# Japanese Knotweed ("wild bamboo") and Goats?



## ShawneeVt (Jan 3, 2005)

Hello Knowledgable Friends! I have a small homestead in Vermont that is being taken over by japanese knotweed. It grows all along the brook that cuts through my lower property and is beginning to encroach on the gardens. It's a liablity when it comes to selling vegetable starts and perennials at the farm stand, for people worry about possible contamination. NO one wants japanese knotweed!

Which leads me to the goat forum  Can goats safely forage on knotweed? I've asked the extension service and they were...vague...about the whole thing. 

I'm very curious for your experiences and advice. 

Many thanks!

--shawnee at echo valley farm


----------



## KSALguy (Feb 14, 2006)

if it is truely a bamboo then its edible, rabbits will eat it goats should eat it, i would LOVE a stand of bamboo to be able to cut from to feed my rabbit colony all winter,


----------



## gracie88 (May 29, 2007)

It's not a true bamboo, however, it is supposed to be edible and goats may be your best bet at controlling it.


----------



## Briza (Aug 11, 2009)

But they cannot thrive on that alone which means you are taking on care and feeding and housing and fencing and worming and etc of a creature you will have to study and experience for years to learn to do well with.

The goats will not pressure it enough to kill it or even set it back much unless you make them go hungry.
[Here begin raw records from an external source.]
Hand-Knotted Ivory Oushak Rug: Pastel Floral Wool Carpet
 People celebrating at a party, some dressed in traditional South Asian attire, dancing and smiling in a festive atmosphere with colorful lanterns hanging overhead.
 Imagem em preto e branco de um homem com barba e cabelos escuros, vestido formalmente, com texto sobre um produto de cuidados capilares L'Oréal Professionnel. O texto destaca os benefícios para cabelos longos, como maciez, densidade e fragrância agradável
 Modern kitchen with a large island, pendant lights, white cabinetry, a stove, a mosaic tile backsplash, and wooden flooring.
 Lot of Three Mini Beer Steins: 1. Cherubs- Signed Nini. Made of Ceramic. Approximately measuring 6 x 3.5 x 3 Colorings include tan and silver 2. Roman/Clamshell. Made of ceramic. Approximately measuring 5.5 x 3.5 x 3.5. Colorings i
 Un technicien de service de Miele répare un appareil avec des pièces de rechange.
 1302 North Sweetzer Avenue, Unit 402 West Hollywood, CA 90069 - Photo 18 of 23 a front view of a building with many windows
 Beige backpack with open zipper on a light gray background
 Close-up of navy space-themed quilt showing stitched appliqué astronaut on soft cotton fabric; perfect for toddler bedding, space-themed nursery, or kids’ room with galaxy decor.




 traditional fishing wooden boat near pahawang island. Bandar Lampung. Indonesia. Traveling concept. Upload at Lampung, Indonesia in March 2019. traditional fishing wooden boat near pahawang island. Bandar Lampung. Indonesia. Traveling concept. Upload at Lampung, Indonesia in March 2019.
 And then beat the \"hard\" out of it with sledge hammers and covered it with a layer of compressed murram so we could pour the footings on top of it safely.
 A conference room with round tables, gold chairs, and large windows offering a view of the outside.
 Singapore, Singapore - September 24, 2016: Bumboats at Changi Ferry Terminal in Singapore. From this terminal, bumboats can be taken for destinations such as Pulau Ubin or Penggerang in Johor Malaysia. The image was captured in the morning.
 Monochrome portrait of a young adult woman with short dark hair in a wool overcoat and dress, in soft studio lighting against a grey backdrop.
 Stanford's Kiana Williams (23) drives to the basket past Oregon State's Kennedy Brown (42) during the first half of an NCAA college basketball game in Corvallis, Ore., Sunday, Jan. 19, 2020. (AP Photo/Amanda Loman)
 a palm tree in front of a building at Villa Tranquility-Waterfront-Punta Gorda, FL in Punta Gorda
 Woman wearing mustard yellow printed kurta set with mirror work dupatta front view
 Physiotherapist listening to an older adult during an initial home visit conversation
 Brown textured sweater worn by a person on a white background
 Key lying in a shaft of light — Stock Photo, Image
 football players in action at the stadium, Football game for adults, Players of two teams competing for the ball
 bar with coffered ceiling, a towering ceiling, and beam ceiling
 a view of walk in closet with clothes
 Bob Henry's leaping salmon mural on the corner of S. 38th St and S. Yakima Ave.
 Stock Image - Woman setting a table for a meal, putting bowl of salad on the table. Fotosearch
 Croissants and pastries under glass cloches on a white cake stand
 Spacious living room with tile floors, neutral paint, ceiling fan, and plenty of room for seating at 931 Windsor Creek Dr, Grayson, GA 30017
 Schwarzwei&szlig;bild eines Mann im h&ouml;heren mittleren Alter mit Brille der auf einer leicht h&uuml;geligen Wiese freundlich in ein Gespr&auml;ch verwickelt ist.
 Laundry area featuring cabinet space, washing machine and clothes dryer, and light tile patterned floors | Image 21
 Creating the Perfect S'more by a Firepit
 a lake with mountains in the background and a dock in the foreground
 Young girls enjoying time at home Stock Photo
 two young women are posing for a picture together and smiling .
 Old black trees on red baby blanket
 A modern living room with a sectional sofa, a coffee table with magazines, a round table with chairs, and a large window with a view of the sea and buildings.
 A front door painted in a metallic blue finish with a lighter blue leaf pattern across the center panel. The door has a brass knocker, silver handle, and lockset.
Not advisable. This is NOT a good reason to get goats.
B~


----------



## KSALguy (Feb 14, 2006)

if it tasts good they will clean it up with out haveing to make them hungry, i am sure the OP knows that they will have to be taken care of like anything else one might have on a farm, 
goats for cleaning up brush and unwanted vegitation is not a BAD reason to get goats,


----------



## Katey (Oct 1, 2007)

Japanese knotweed is a close relative of rhubarb and the young (up to about 1-foot-tall) shoots can be treated as such in early spring. That said, the mature plant has the same oxalic acid problem that rhubarb leaves have and is therefore toxic to people, and probably goats as well. The only person I know of who has ever gotten rid of the stuff pastured six piglets on it for their entire growing season, and his patch was only about 30 feet wide.


----------



## hillbillly (Jun 28, 2009)

Japanese knotweed


----------



## ShawneeVt (Jan 3, 2005)

yeup, that's the stuff. 

My first priority on the farm is always for the well being of the livestock--which is why I haven't tried to poison away the knotweed in the first place. 

Hoping that goats would be a thoughtful, sustainable, smart way of erradicating the stuff while adding all that goats add to the farm.

Thanks though for the reminder regarding the importance of good nutrition and good fences...never hurts to make sure people know what they're getting into. 

Appreciate the responses 

--shawnee at echo valley farm


----------



## saanengirl (Apr 7, 2009)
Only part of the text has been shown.